Karnataka and Maharashtra have also announced similar such policies. Maharashtra also announced its policy in February 2018, with a focus on production and subsidies. Indeed, the policy underscores how Maharashtra will support the production of electric vehicles, with a target of producing 500,000 vehicles in five years. To support this goal, the state has proposed exempting EVs from road tax and registration charges, as well as offering subsidies such as a 15 percent subsidy for the first 100,000 owners of EVs.
Karnataka is also aggressively incentivizing the production of electric vehicles, establishing a target for Rs. 31,000 crore (or $4.83 billion) in investments that will help generate 55,000 jobs. Karnataka’s government also plans to create a “special purpose vehicle that will involve civic agencies, state transport and energy companies, and its renewable energy and industrial boards for the creation of charging infrastructure within the state.”

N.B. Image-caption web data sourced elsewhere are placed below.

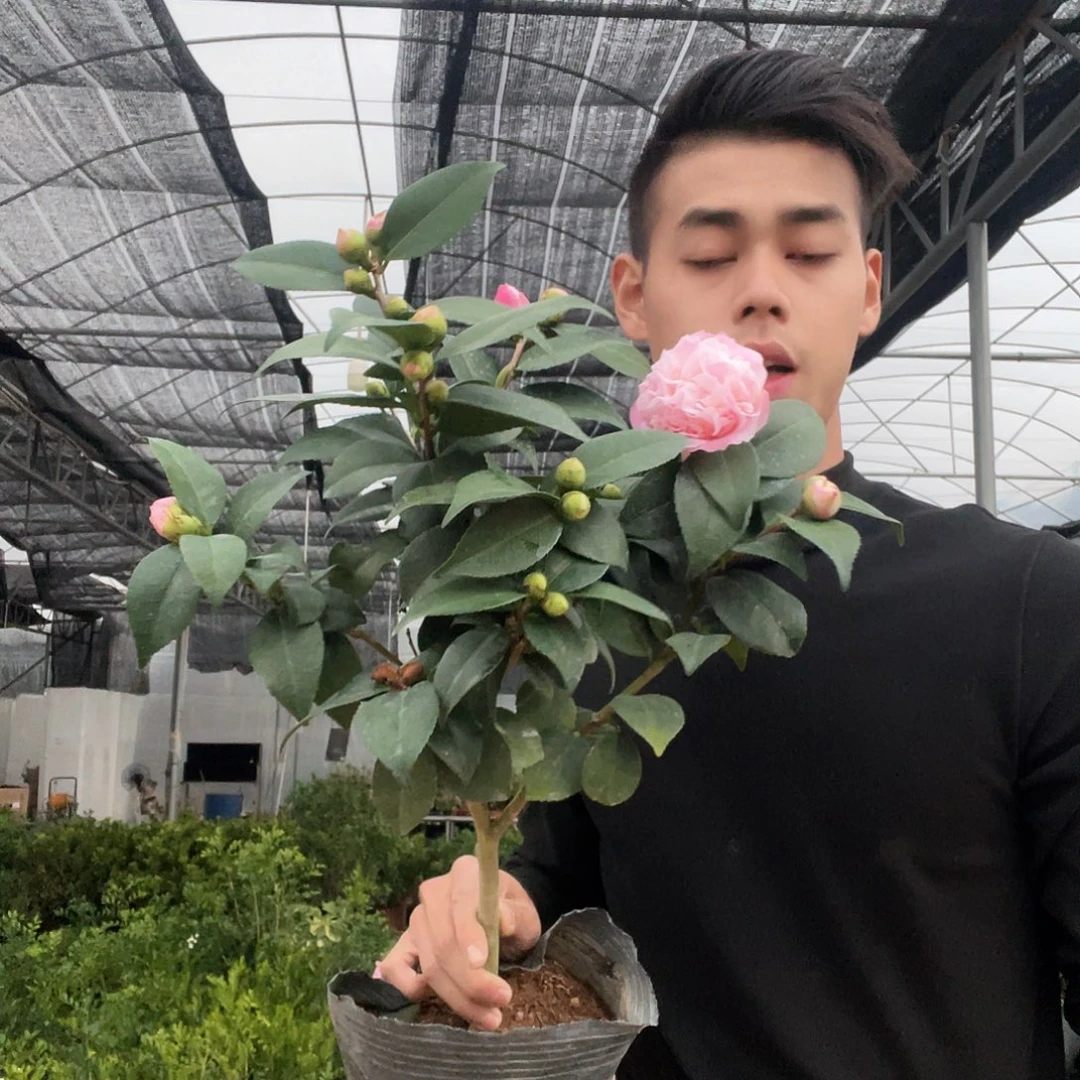 大部分花苞少量开放香妃茶花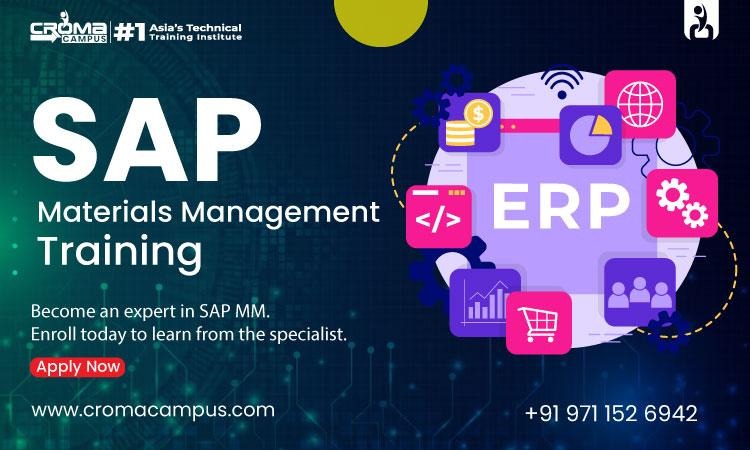 Everything Professionals Can Do With SAP MM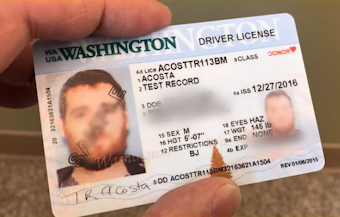 caption: A sample drivers license from a Washington state YouTube video.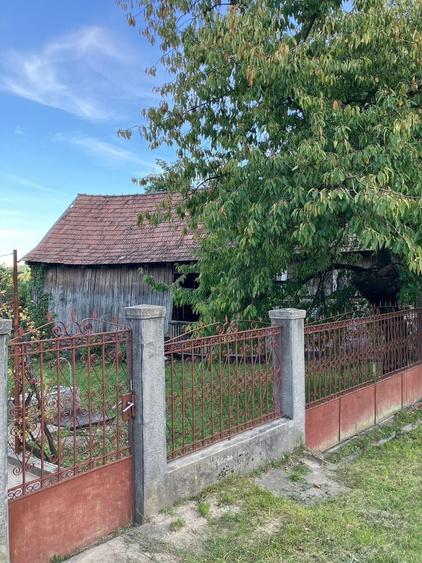 Casa cu gradina si pomi fructiferi - teren 2401 mp - loc. Moldovenesti - 1
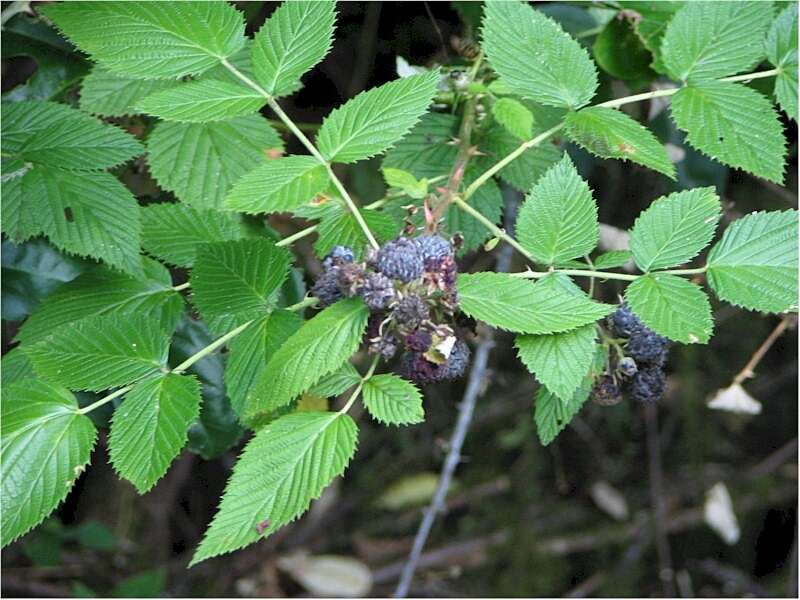 Image of Mysore raspberry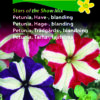 Petunia “Stars of the Snow” stribede blomster – blomsterfrø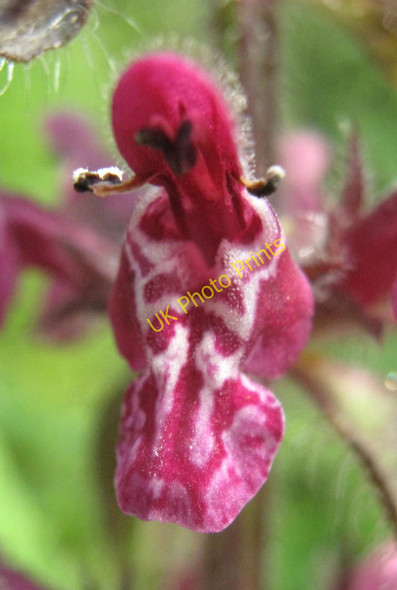 Photo 6"x4" Flower of the Hedge Woundwort Biddulph c2010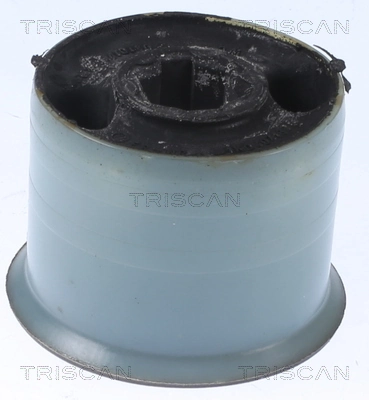 8500298071 Triscan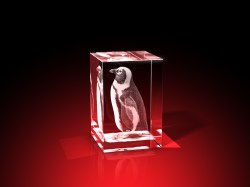 pinguin bilder, 3D Tiere, Tiere in Glas, geschenke für tierfreunde, GLASFOTO.COM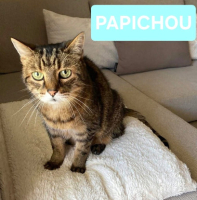 Adopter  chat : Papichou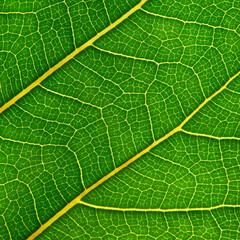 shot of green leaf texture, macro style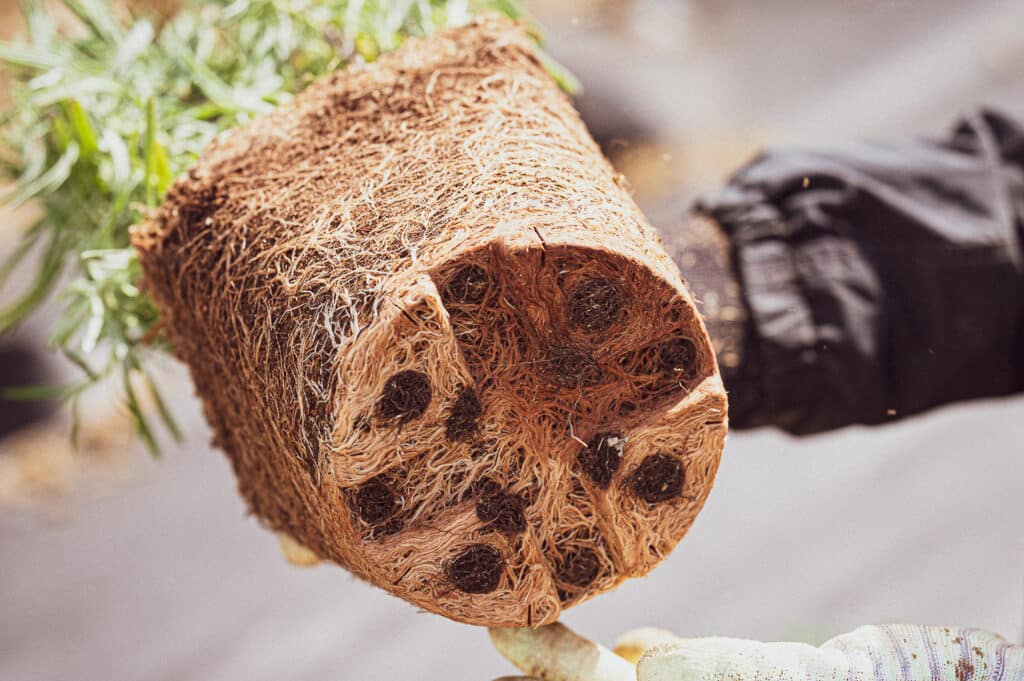 Does Lavender Spread and Need To Be Divided?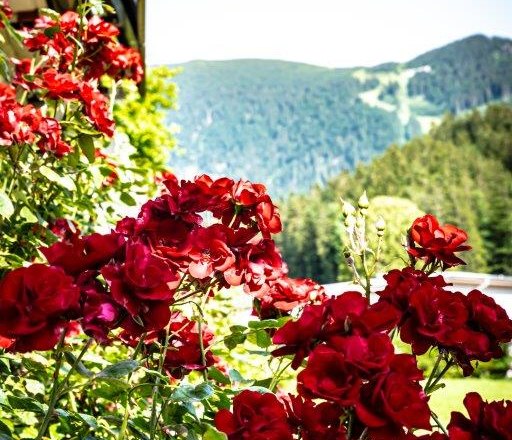 Garten, © Hanifoto.at HANI OTTLIK Garten, © Hanifoto.at HANI OTTLIK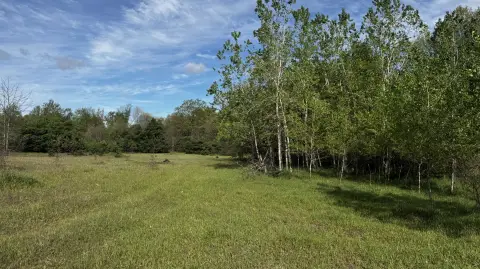 Secluded 80-Acre Hunting and Recreation Land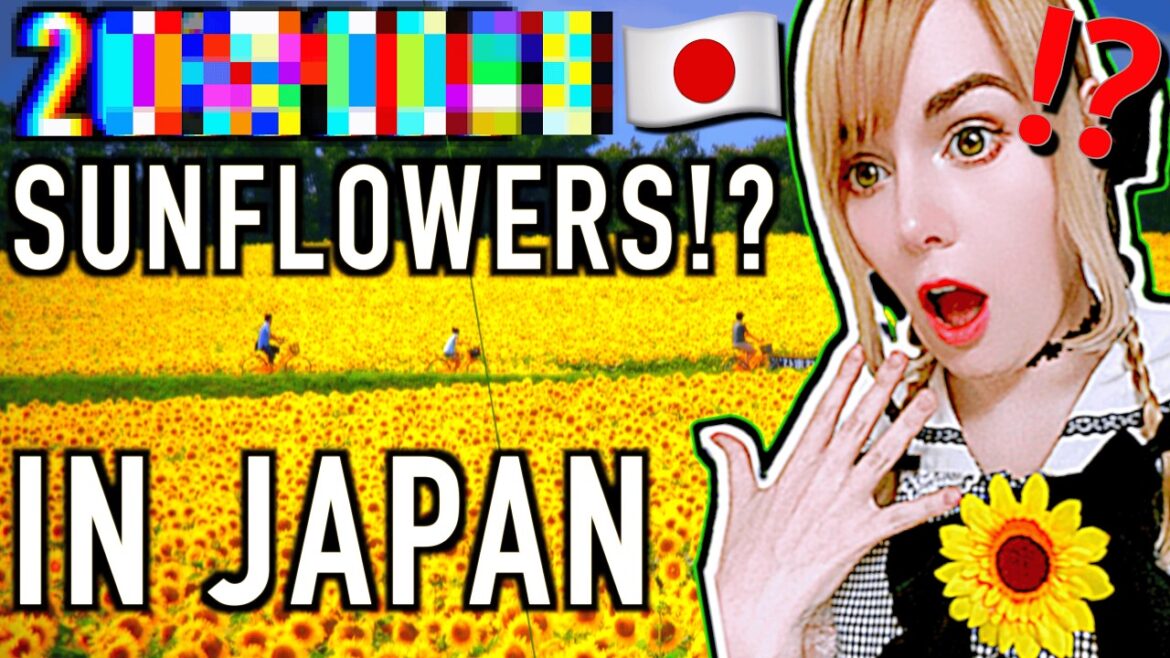 Hidden Sunflower Village in Japan! | Sunflower Fields in Hokuryu Town | Hokkaido Travel Vlog Guide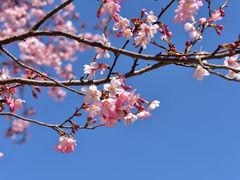 -福建鲤鱼洲酒店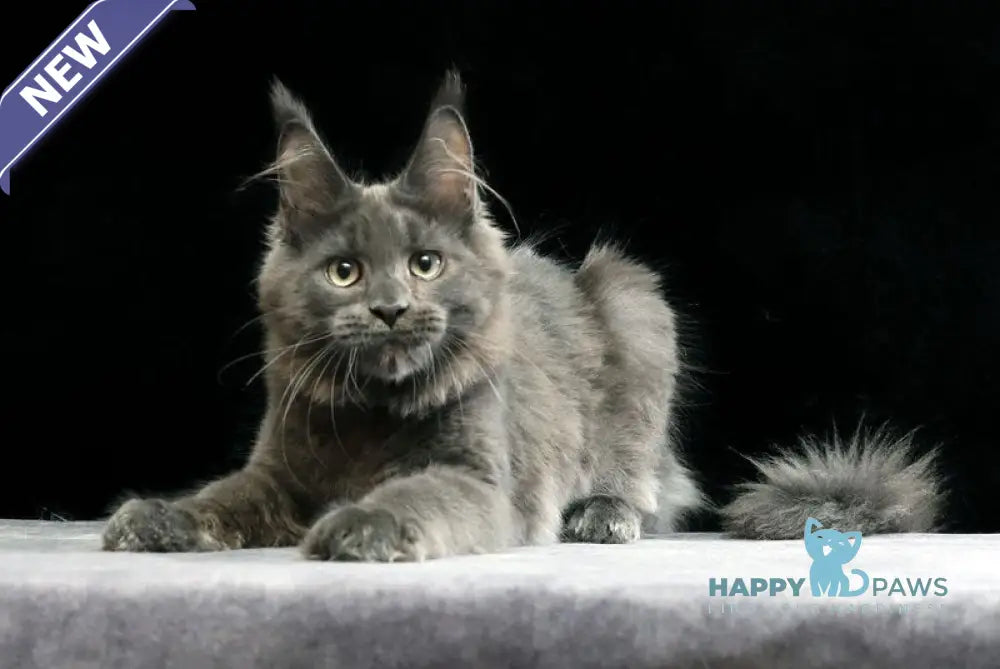 Umberto Maine Coon male blue live animals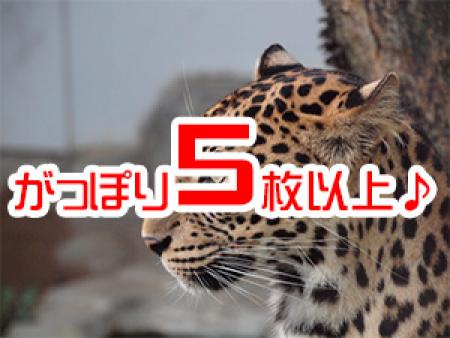 がっぽり5枚以上♪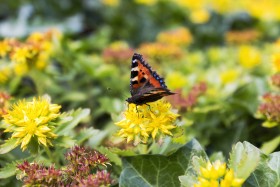 Stock Image: vanessa atalanta butterfly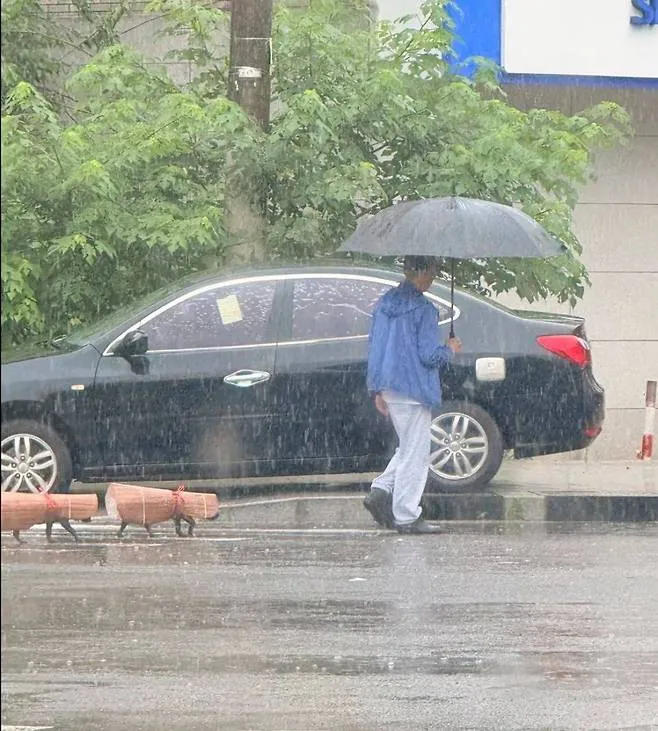 강아지 비 안 맞게 만들어준 우비.jpg_1.webp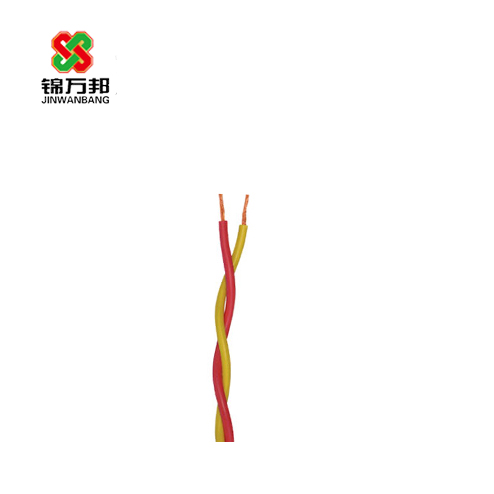 RVS雙絞線.jpg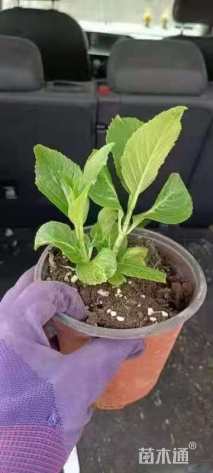 高度15厘米绣球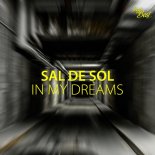 Sal De Sol - In My Dreams (prod. by Pulsedriver)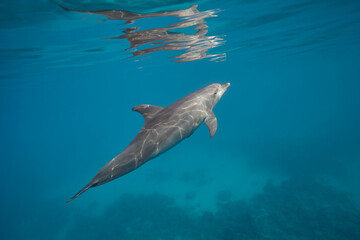 Fototapeta premium Common bottlenose dolphin tursiops truncatus underwater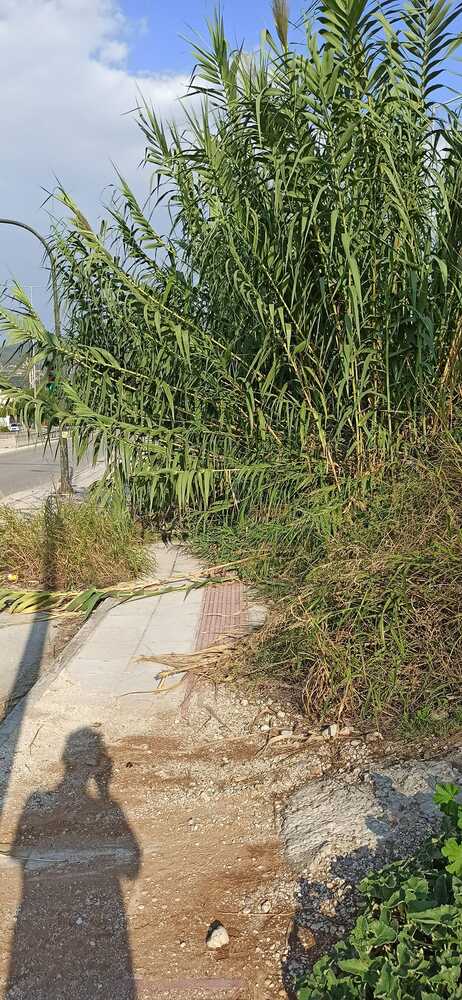 Πάτρα: Από 28 Αυγούστου δημότης περιμένει λύση σε πρόβλημα μέσω της πλατφόρμας Sense City ΦΩΤΟ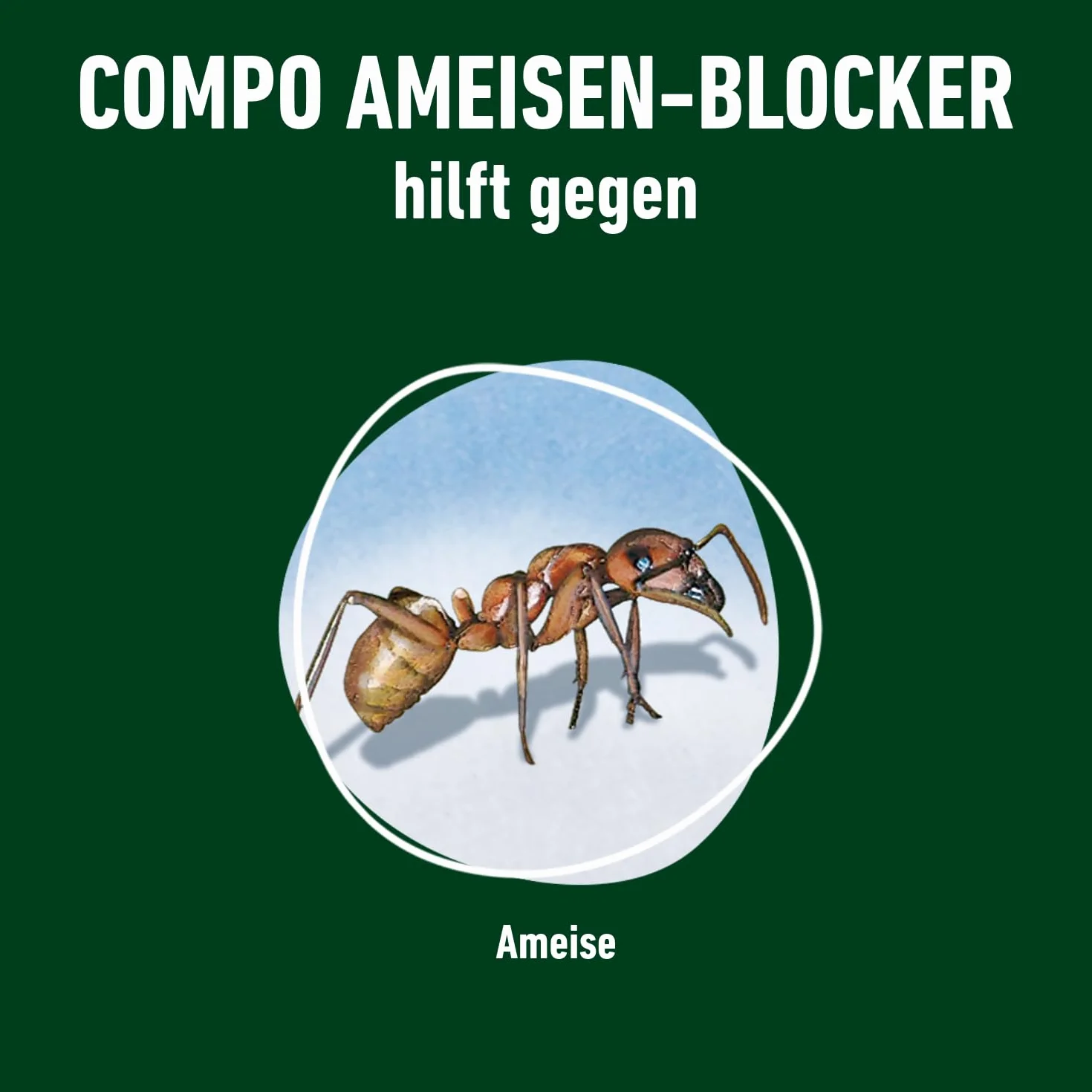 COMPO Bloker mrówek 250 g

In addition to these three states, several other states are also in the process of drafting their own policies. Telangana has focused on incentivizing electric vehicles, with a special focus on manufacturers, buyers, and charging infrastructure development. Similarly, Uttar Pradesh is has released a draft policy outlining goals and targets on manufacturing capacity, battery production, and charging and swapping infrastructure for electric vehicles. Goa is also reportedly actively working to draft policies on electric vehicles.
Center Continues to be Undecided
Despite such progress by individual states, the center has not yet made progress on its own policies on electric vehicles. Rather, the center has walked back a number of its own promises and goals.
Indeed, in September 2017, India’s Minister of Transport Nitin Gadkari announced that, by 2030, India would transform India into a 100 percent EV nation. His statements were supported by the then-Minister of Power Piyush Goyal, who said “only electric vehicles will be produced and sold in the country by 2030.” Gadkari later reiterated that the goal for a 100 percent EV India, and that his ministry had already drafted a policy on EVs that was awaiting approval of the Cabinet.
However, by February 2018, the government walked back all of these statements. Gadkari announced to the media that the government had decided against formulating an EV policy, saying “ There is no need for any policy now.” Reports later emerged that, almost a month earlier, India’s Minister of State for Heavy Industries and Public Enterprises, Babul Supriyo, had informed Parliament that “There are, at present, no plans under consideration of the department of heavy industries to make all vehicles in the country powered by electricity by 2030.”
Such equivocations from the central government means that, despite the significant work does by India’s states, India will face significant hurdles in creating a nationwide transportation infrastructure rooted in sustainable energy. Indeed, the central government will have to be a central player in generating investments, creating a charging infrastructure, and promoting indigenous production if India is to realize its goal of becoming a 100 percent EV-based nation.
Given India’s problems with pollution, traffic, and rising population, a sustainable, green energy-based transportation infrastructure centered around electric vehicles is crucial. However, if the government wants to make this vision a reality, it must stop equivocating and join India’s states in outlining a policy on electric vehicles.